This step must be skipped if kernel is booted by a Multiboot bootloader; because Multiboot bootloaders are not aware those FreeBSD specific information, and if the kernel will simply halt if such information isn't present.

A check for Multiboot protocol is needed, immediately after entry of kernel.
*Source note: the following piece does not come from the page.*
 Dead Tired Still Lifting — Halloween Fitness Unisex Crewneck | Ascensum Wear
Multiboot bootloaders sets ''eax'' to a magic number to indicate that it is a Multiboot bootloader.
Modifying the startup code as:
<file diff>
--- a/sys/i386/i386/locore.s	2016-03-25 09:09:25.000000000 +0800
+++ b/sys/i386/i386/locore.s	2019-05-24 13:10:42.989381512 +0800
@@ -196,6 +223,17 @@
 	movw	$0x1234,0x472
 #endif	/* PC98 */
 
+#ifdef MULTIBOOT
+	/* Are we booted up by a multiboot bootloader? */
+	cmpl	$MULTIBOOT_BOOTLOADER_MAGIC, %eax
+	jne	1f
+	movl	$0, R(bootinfo+BI_KERNEND)
+	movl	%ebx, R(multiboot_env)
+	jmp	2f
+
+1:
+#endif
+
 /* Set up a real frame in case the double return in newboot is executed. */
 	pushl	%ebp
 	movl	%esp, %ebp
@@ -232,6 +270,8 @@
 
 	call	recover_bootinfo
 
+2:
+
 /* Get onto a stack that we can trust. */
 /*
  * XXX this step is delayed in case recover_bootinfo needs to return via
</file>
As the code describes, if a Multboot bootloader magic not found, jump to original path to perform tasks to deal with bootinfo passed by BTX loader.
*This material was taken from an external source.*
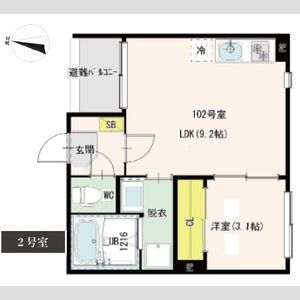 1LDK 間取り図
There is also a variable ''multiboot_env''; this is used to access Multiboot specific information, such as the memory information we requested via ''MULTIBOOT_MEMORY_INFO'', and the kernel command line. Its address is passed by bootloader in ''ebx'' register; this address must be saved for use later (for goal 3 and laters) before ''ebx'' got overwritten.
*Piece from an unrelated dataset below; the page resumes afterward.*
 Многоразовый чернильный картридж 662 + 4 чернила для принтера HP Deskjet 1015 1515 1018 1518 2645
At this point the kernel should be able to boot from Multiboot bootloader; however the kernel appears hang when I trying it with QEMU.

{{:multiboot-kfreebsd:kernel-hangs-in-qemu.png?nolink|Kernel hangs in QEMU}}

QEMU has a built-in GDB compatible server, for remote debugging with ''gdb(1)''. This is very useful for kernel debugging. To enable this server, simply adding option ''-s'' or ''-gdb tcp::<port>''; if ''-s'' is used, it will **listen(2)** TCP port 1234. See **qemu-system(1)** for more information.

With help of **gdb(1)**, I found the kernel encountered a panic shortly after boot; the panic occurs very early at kernel internal start up progress, before local console initialization.

<file>
$ gdb kernel
GNU gdb (GDB) 7.11.1 [GDB v7.11.1 for FreeBSD]
Copyright (C) 2016 Free Software Foundation, Inc.
License GPLv3+: GNU GPL version 3 or later <http://gnu.org/licenses/gpl.html>

...

Reading symbols from kernel...Reading symbols from / ... /kernel.symbols...done.
done.
(gdb) target remote x.x.x.x:1234
Remote debugging using x.x.x.x:1234
0x000cb218 in ?? ()
(gdb) c
Continuing.
^C
Program received signal SIGINT, Interrupt.
0xc091e8a4 in kern_reboot (howto=260) at ../../../kern/kern_shutdown.c:489
489             EVENTHANDLER_INVOKE(shutdown_final, howto);
(gdb) bt
#0  0xc091e8a4 in kern_reboot (howto=260) at ../../../kern/kern_shutdown.c:489
#1  0xc091ed87 in vpanic (fmt=0xc0eb8193 "double fault", 
    ap=0xc11c5e14 <dblfault_stack+4084> "q~\353\300")
    at ../../../kern/kern_shutdown.c:889
#2  0xc091edc0 in panic (fmt=0xc0eb8193 "double fault")
    at ../../../kern/kern_shutdown.c:818
#3  0xc0bc1481 in dblfault_handler () at ../../../i386/i386/trap.c:1052
#4  0x00000000 in ?? ()
</file>
Although this backtrace didn't provide many useful information of where the issue occurred, by the fact that **panic(9)** has been called, indicating paging was activited, IDT and GDT has been setup; just before console finishes its initialization, the problem should sit in function ''init386'', between those code:
https://svnweb.freebsd.org/base/releng/10.3/sys/i386/i386/machdep.c?view=markup
<file c i386/i386/machdep.c>

	vm86_initialize();
	getmemsize(first);
	init_param2(physmem);

	/* now running on new page tables, configured,and u/iom is accessible */

	/*
	 * Initialize the console before we print anything out.
	 */
	cninit();
</file>
Further stepping debugging in nearby code shows the kernel panic occurs in BIOS calls from function ''getmemsize''. Appears the kernel is trying to detect memory size from BIOS.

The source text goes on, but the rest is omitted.